XML Document Formats

Track: Town Halls

Audience Level: High Level/Technical view

Time: Wednesday, November 16 19:30

Author: C. Len Bullard, Intergraph Corporation

Keywords: OpenDocument, Microsoft Office XML, Authoring

Abstract:

As world events and business opportunities collide, the requirements for interoperable document formats become increasingly evident.

Mandating XML for systems is a first step, but real information can't be shared effectively without a common understanding on the semantics and usage of the markup. One solution is to use agreed-on custom schemas. Another is to cite well-standardized formats such as XHTML, or deploy more specific XML formats such as Microsoft Office XML or the OpenDocument Format. None of these latter formats were written with a particular semantic usage in mind.
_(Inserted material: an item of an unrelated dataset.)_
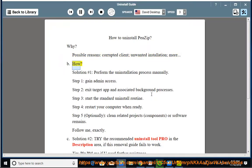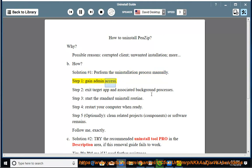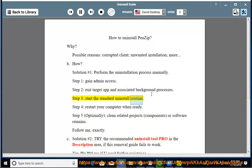Solution number 1: Perform the uninstallation process manually. Step 1: Gain admin access. Step 2: Exit the target app and associated background processes. Step 3: Start the standard uninstall routine. Step 4: Restart your computer when ready. Step 5: Optionally clean related project components or software remains.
They are of more general applicability than custom-built schemas, can be used for human-readable documents, and can be built into specific tools.
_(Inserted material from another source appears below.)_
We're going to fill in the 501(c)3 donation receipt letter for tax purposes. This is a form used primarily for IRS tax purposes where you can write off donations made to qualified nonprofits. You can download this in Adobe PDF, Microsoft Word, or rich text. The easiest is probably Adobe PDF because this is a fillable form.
This town hall debates the merits of different approaches to approaching this challenge to leverage XML to meet the requirements for enabling sustainable, evolvable information and communication technologies. The types of questions that may be raised include: How can custom-defined schemas be used in the document environment? Is XML+stylesheet enough for human-readable documents whose semantics is not really encoded in the markup, but in the actual content? What changes as more and more machine-processable data is added to the content? How much de facto acceptance and support must a purported standard have before it can be treated as a real basis for shared information?